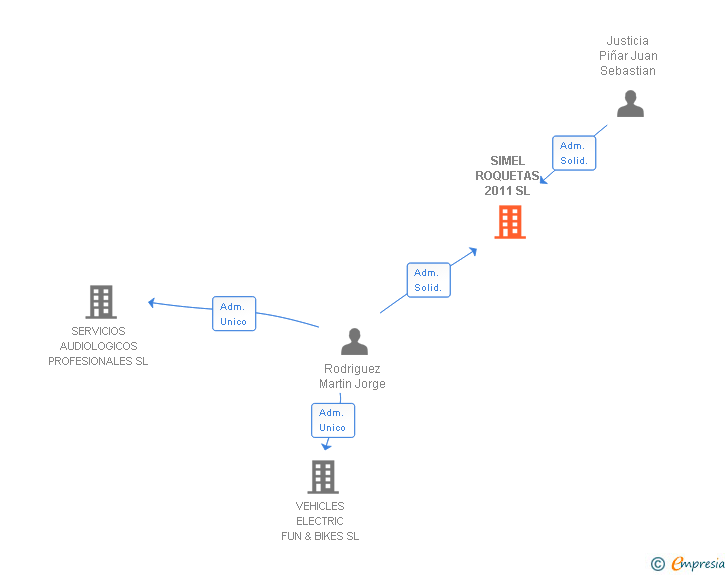 Vinculaciones societarias de SIMEL ROQUETAS 2011 SL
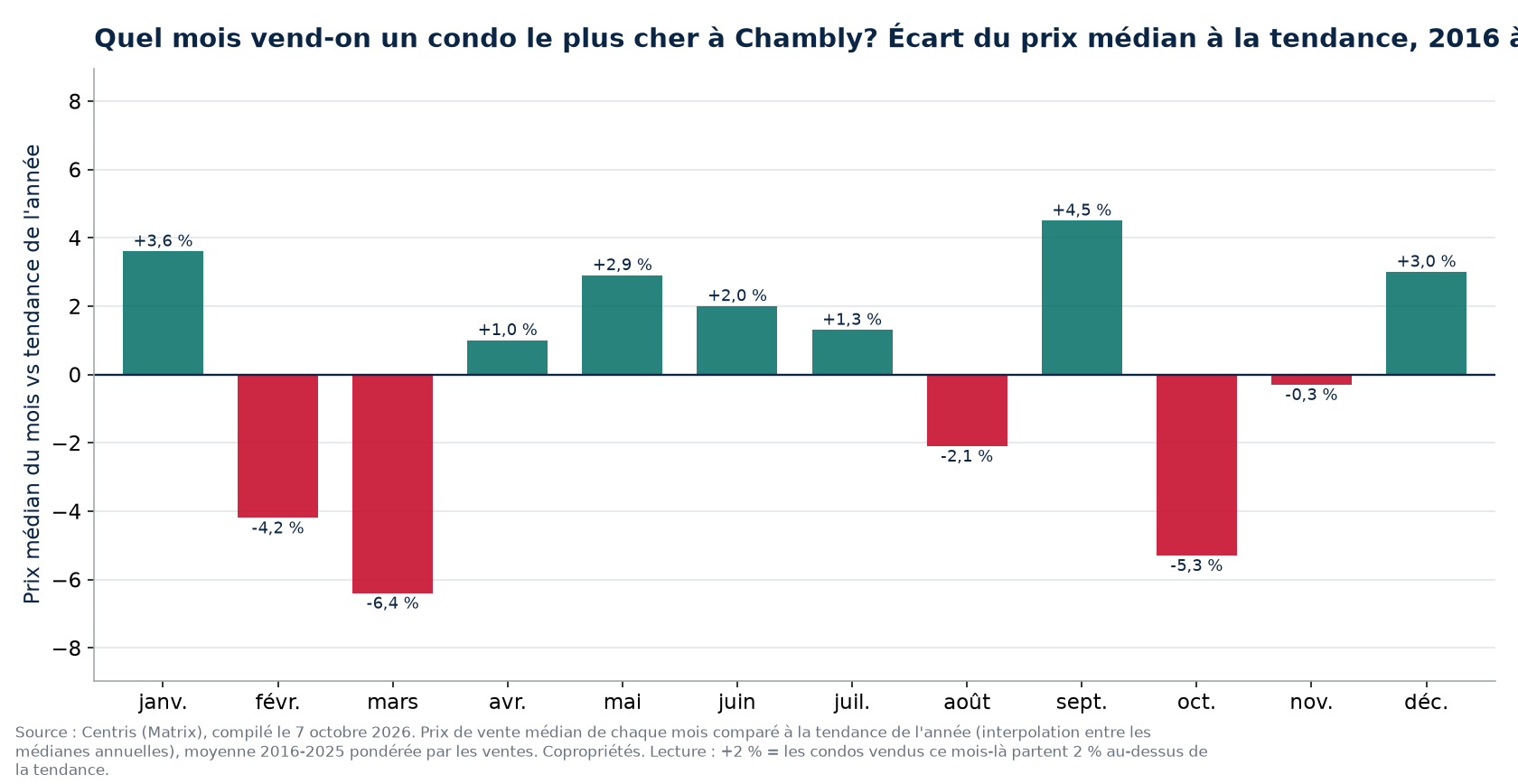 Écart du prix médian à la tendance par mois à Chambly, 2016 à 2025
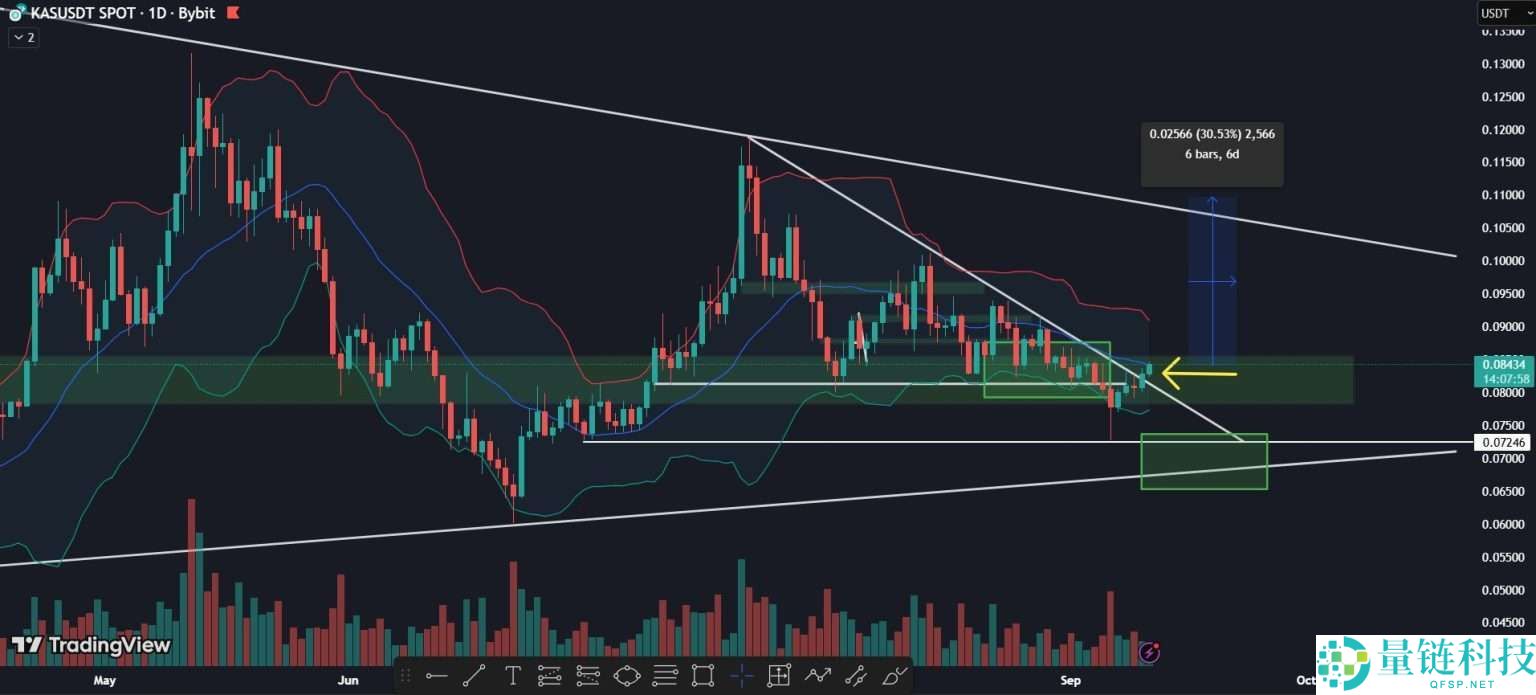 什么是Kaspa（KAS）币？KAS价格预测2025-2050年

### Task details
The listing above must be restated word for word. Its pictures are to be left out.

### Exercise answer
 Vinculaciones societarias de SIMEL ROQUETAS 2011 SL
 Écart du prix médian à la tendance par mois à Chambly, 2016 à 2025
 什么是Kaspa（KAS）币？KAS价格预测2025-2050年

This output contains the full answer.